WHAT TO DO: No picture belongs in the answer, which must hold exactly the lines from the one with "FED, Federal Reserve" through the final line below.
PROVIDED DATA: Begin
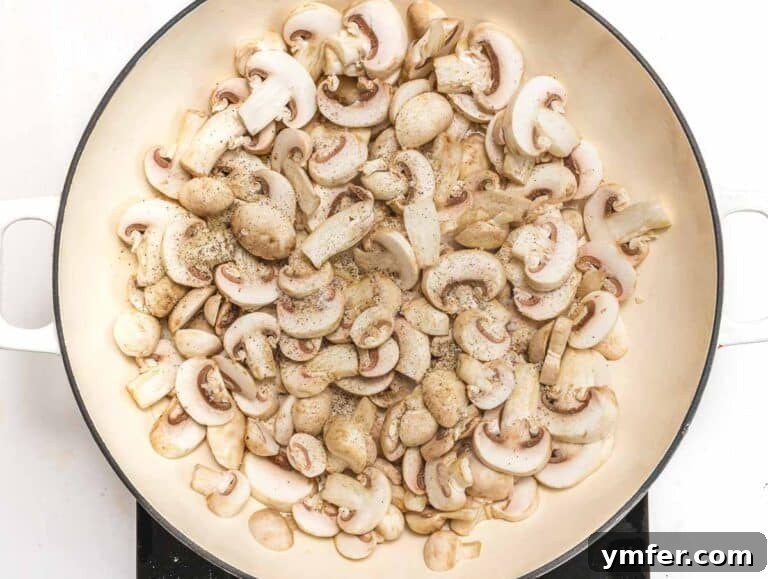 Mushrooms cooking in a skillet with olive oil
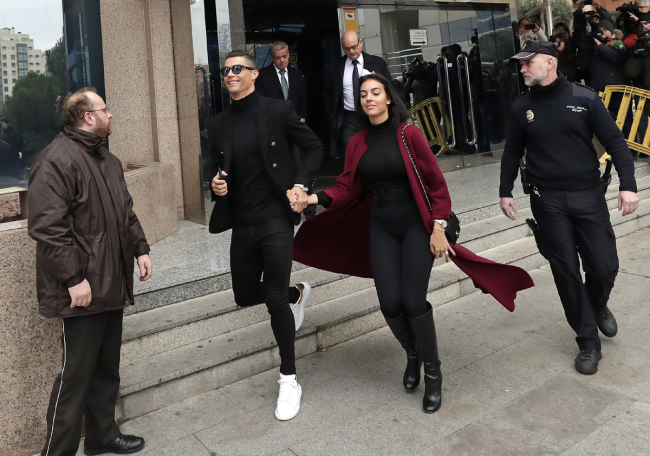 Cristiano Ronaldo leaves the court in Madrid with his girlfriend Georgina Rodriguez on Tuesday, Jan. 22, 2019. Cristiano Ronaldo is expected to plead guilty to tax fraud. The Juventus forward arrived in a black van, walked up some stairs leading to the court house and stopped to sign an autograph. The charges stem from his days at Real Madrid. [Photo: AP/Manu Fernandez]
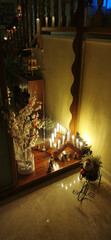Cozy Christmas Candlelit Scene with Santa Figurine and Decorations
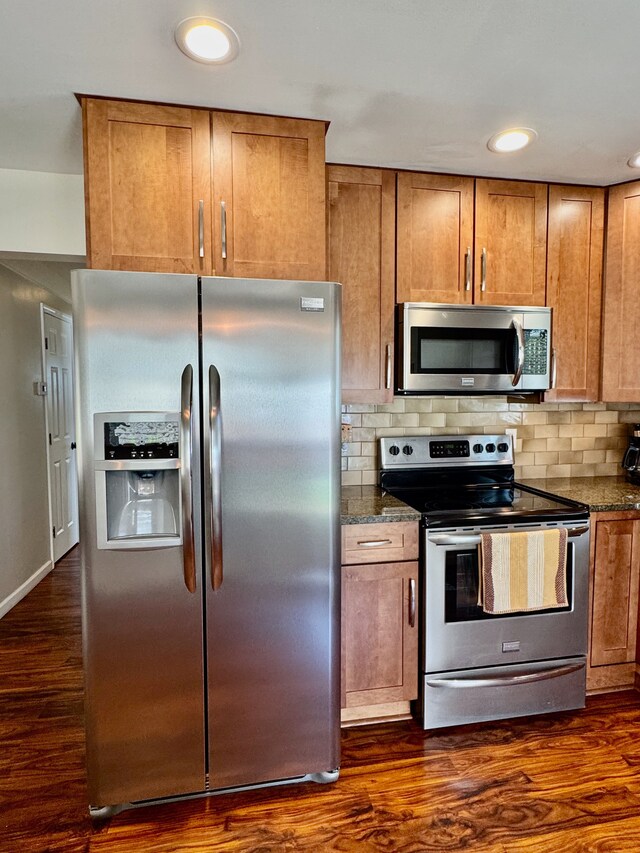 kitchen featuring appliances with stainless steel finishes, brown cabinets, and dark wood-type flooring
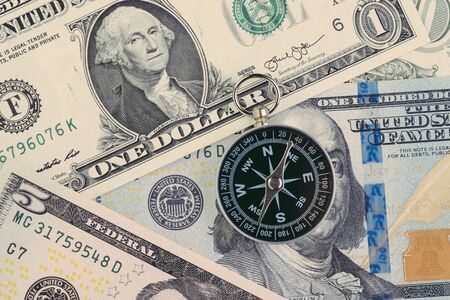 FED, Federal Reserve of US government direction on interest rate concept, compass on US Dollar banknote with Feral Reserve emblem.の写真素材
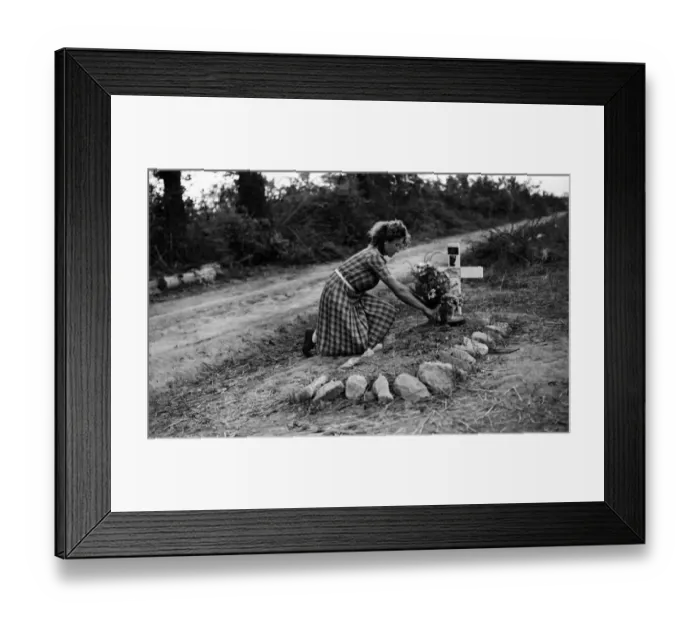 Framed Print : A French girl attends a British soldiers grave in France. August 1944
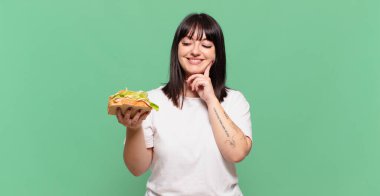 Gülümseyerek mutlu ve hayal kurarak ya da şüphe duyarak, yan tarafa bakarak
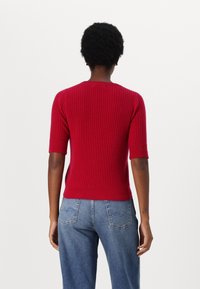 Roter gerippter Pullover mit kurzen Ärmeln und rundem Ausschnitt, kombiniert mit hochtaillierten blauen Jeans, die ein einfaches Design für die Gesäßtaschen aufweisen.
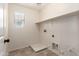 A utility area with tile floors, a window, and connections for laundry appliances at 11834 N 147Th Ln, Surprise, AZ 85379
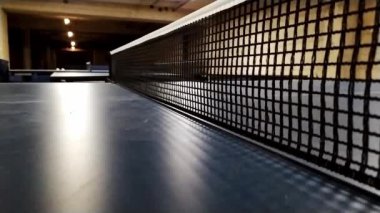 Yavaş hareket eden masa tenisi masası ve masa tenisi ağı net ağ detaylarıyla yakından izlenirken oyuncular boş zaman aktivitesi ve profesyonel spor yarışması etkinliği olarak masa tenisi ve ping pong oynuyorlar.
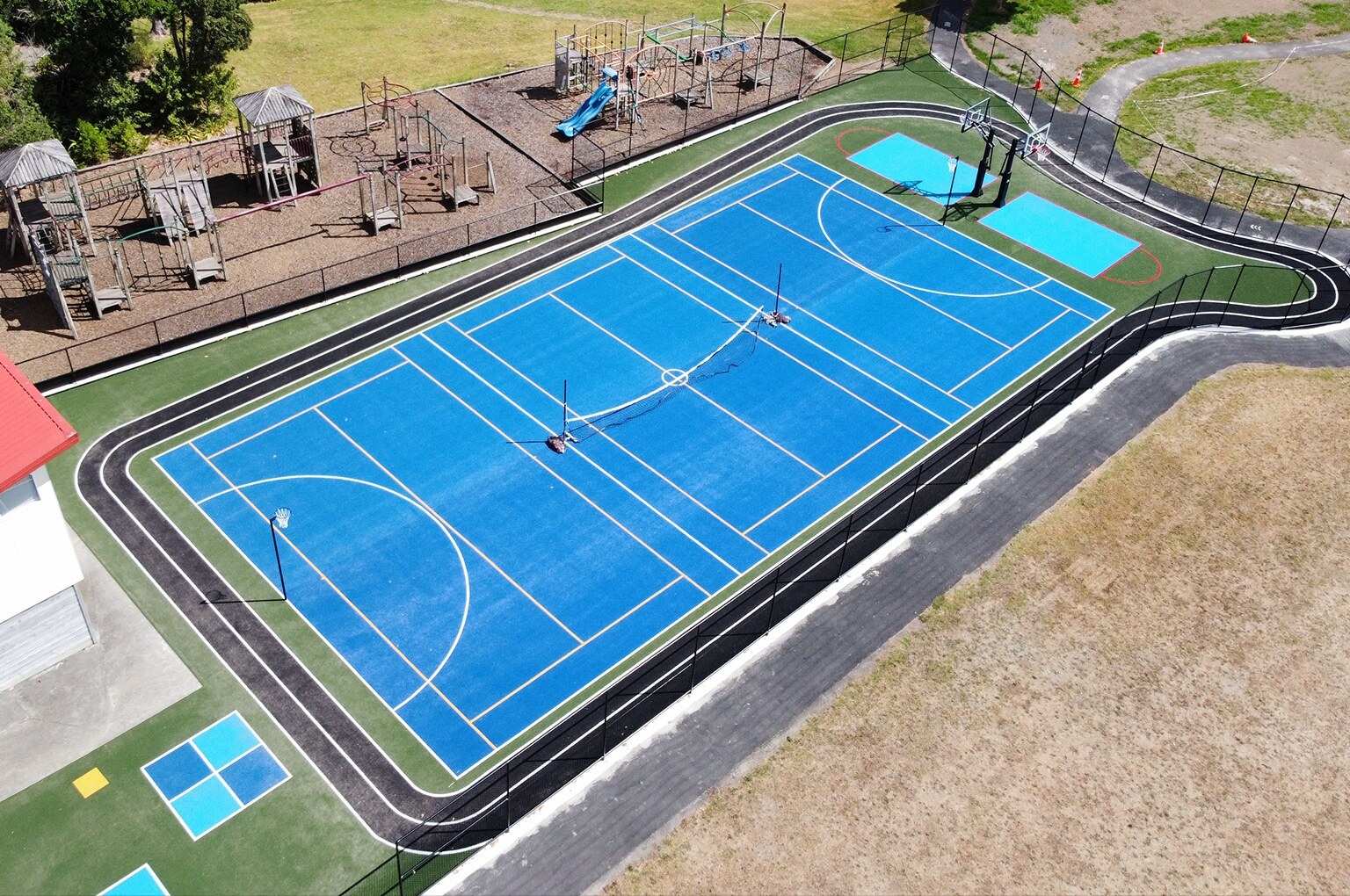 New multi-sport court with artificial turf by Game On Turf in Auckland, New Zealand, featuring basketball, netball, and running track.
PROVIDED DATA: End
THE ANSWER:
 FED, Federal Reserve of US government direction on interest rate concept, compass on US Dollar banknote with Feral Reserve emblem.の写真素材
 Framed Print : A French girl attends a British soldiers grave in France. August 1944
 Gülümseyerek mutlu ve hayal kurarak ya da şüphe duyarak, yan tarafa bakarak
 Roter gerippter Pullover mit kurzen Ärmeln und rundem Ausschnitt, kombiniert mit hochtaillierten blauen Jeans, die ein einfaches Design für die Gesäßtaschen aufweisen.
 A utility area with tile floors, a window, and connections for laundry appliances at 11834 N 147Th Ln, Surprise, AZ 85379
 Yavaş hareket eden masa tenisi masası ve masa tenisi ağı net ağ detaylarıyla yakından izlenirken oyuncular boş zaman aktivitesi ve profesyonel spor yarışması etkinliği olarak masa tenisi ve ping pong oynuyorlar.
 New multi-sport court with artificial turf by Game On Turf in Auckland, New Zealand, featuring basketball, netball, and running track.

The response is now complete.